◆ **Required action**
Word for word, repeat the data; no picture should appear in the result.

◆ **Supplied material**
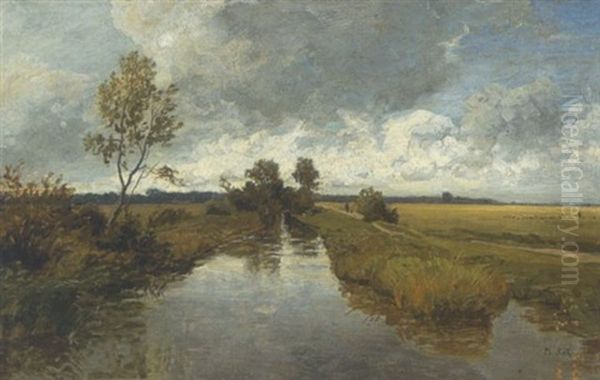 Weite Bachlandschaft Mit Spazierganger - view 1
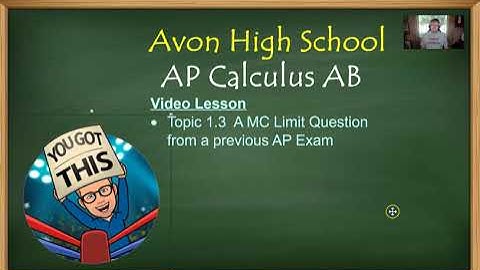 Avon High School - AP Calculus AB - Topic 1.3 - 2014 MCQ 5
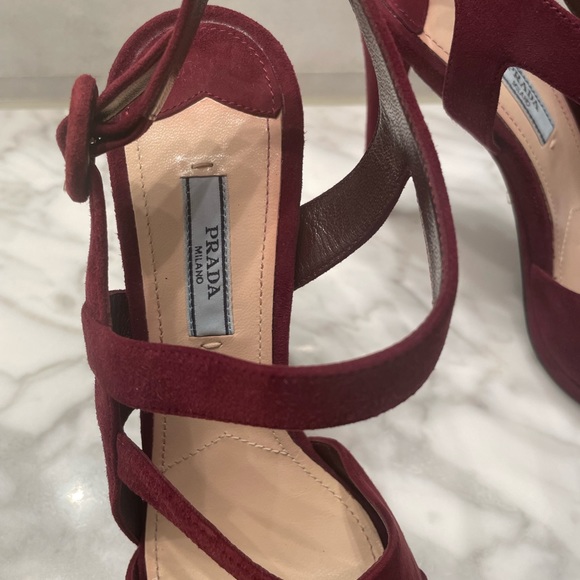 Prada Suede Plum Asymmetrical Triple Strap Platform Sandal - Picture 6 of 8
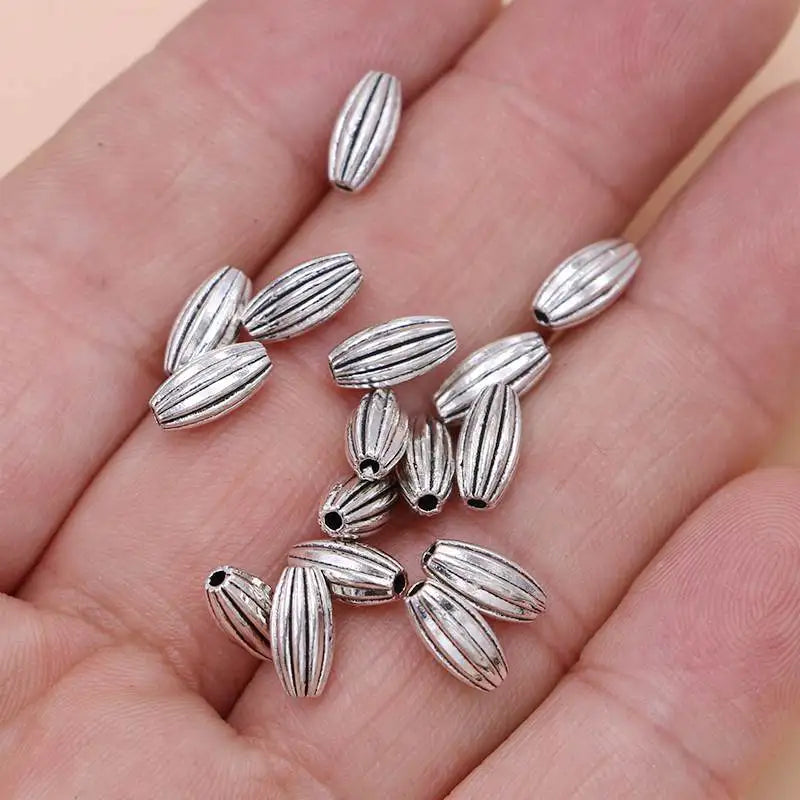 20Pcs Silver Plated Oval Loose Spacer Beads for Jewelry Making Bracelet DIY Handmade Accessories Necklace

◆ **Task solution**
 Weite Bachlandschaft Mit Spazierganger - view 1
 Avon High School - AP Calculus AB - Topic 1.3 - 2014 MCQ 5
 Prada Suede Plum Asymmetrical Triple Strap Platform Sandal - Picture 6 of 8
 20Pcs Silver Plated Oval Loose Spacer Beads for Jewelry Making Bracelet DIY Handmade Accessories Necklace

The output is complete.